How to efficiently rename columns in Datasets (Spark 2.0)


With DataFrames, one can simply rename columns by using df.withColumnRename("oldName", "newName"). In Datasets, since every field is typed and named, this doesn't seem possible. The only work around I can think of is to use map on the Dataset:

case class Orig(a: Int, b: Int)
case class OrigRenamed(a: Int, bNewName: Int)
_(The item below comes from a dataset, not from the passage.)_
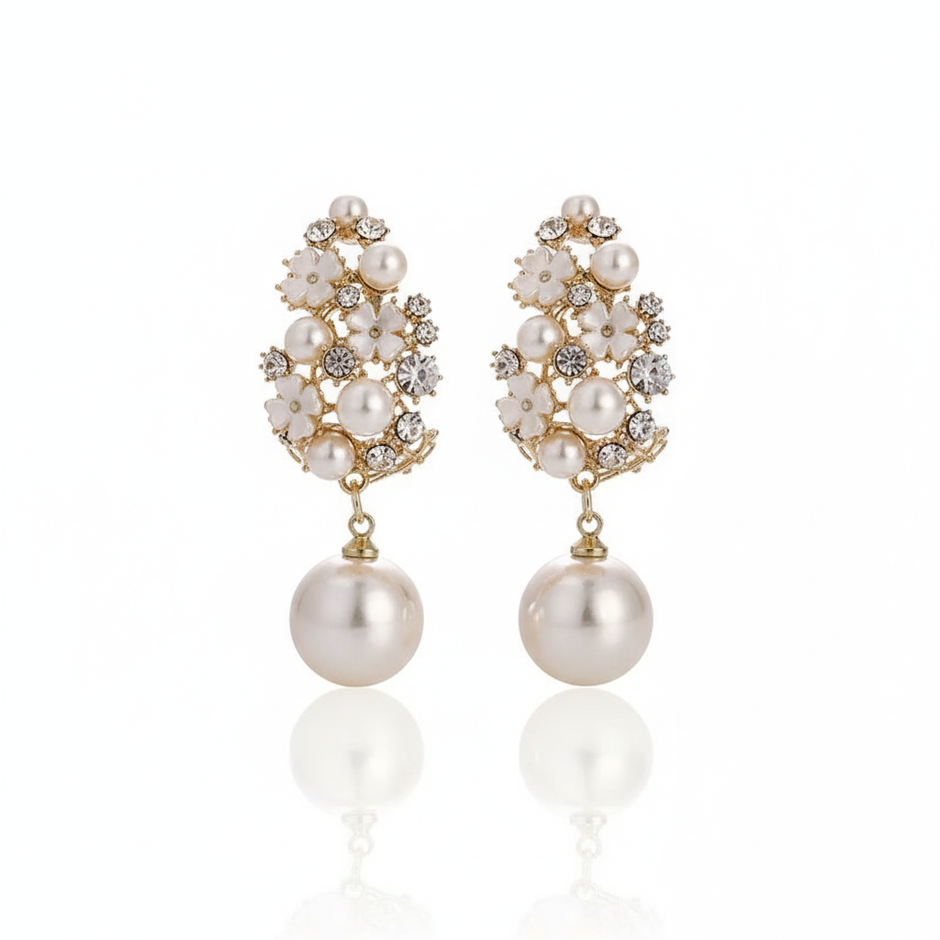Pair of pearl earrings with gold accents on a white background
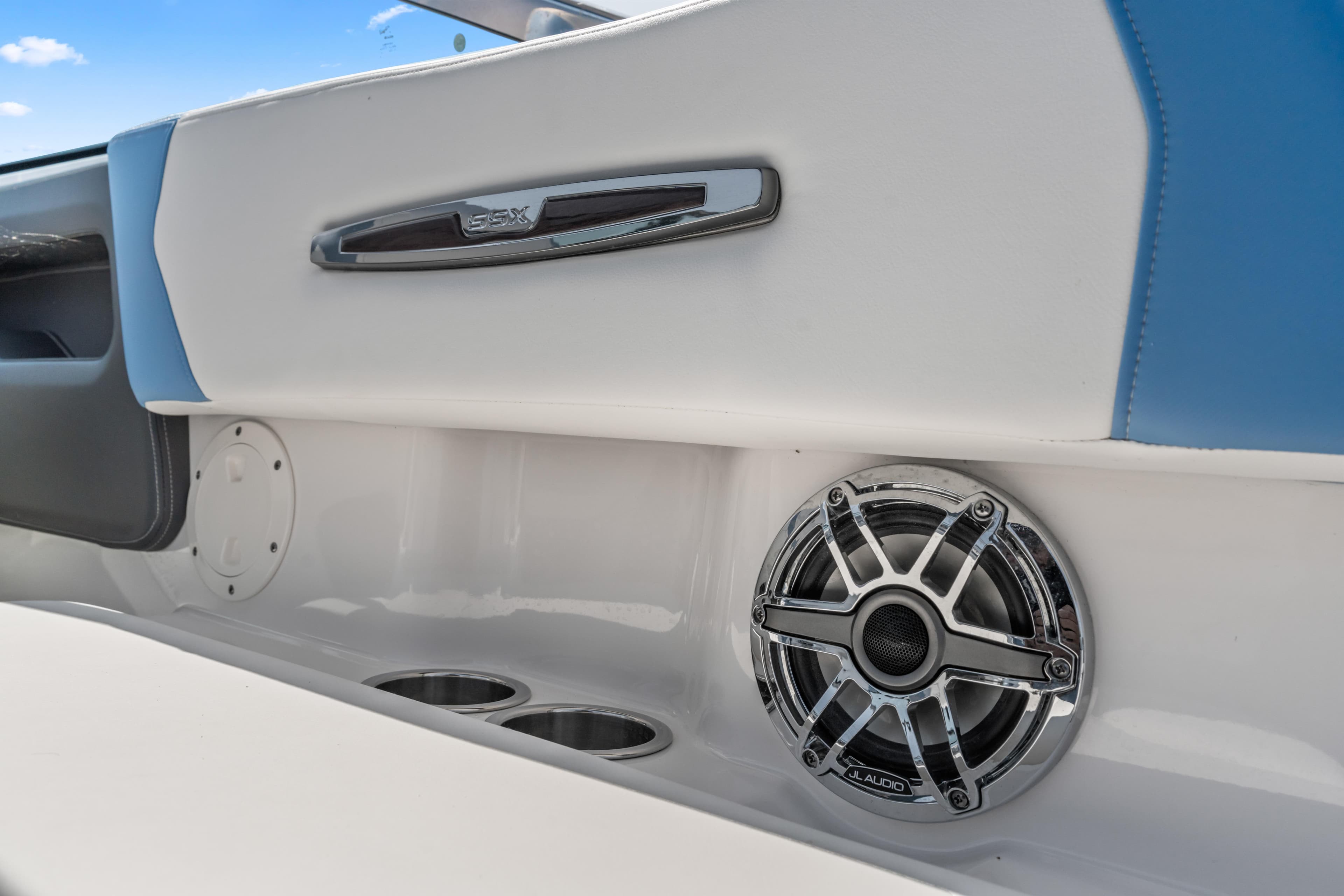 2022 Chaparral 247 SSX boat interior with JL Audio speaker and cup holders.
val origDS = Seq(Orig(1,2), Orig(3,4)).toDS
origDS.show
+---+---+
|  a|  b|
+---+---+
|  1|  2|
|  3|  4|
+---+---+

// To rename with map
val origRenamedDS = origDS.map{ case Orig(x,y) => OrigRenamed(x,y) }
origRenamed.show
+---+--------+
|  a|bNewName|
+---+--------+
|  1|       2|
|  3|       4|
+---+--------+

This seems a very round-about and inefficient way just to rename a column. Is there a better way?


Solution

  • A slightly more concise solution would be something like this:

    origDS.toDF("a", "bNewName").as[OrigRenamed]
    

    but in practice renaming is simply not meaningful on statically typed Dataset. While we use the same columnar representation as Dataframe (Dataset[Row]) semantics is completely different here.

    Name of the column corresponds to a specific field of the stored objects so it is not something that can be dynamically renamed. In other words Datasets are not statically typed DataFrames but collections of objects.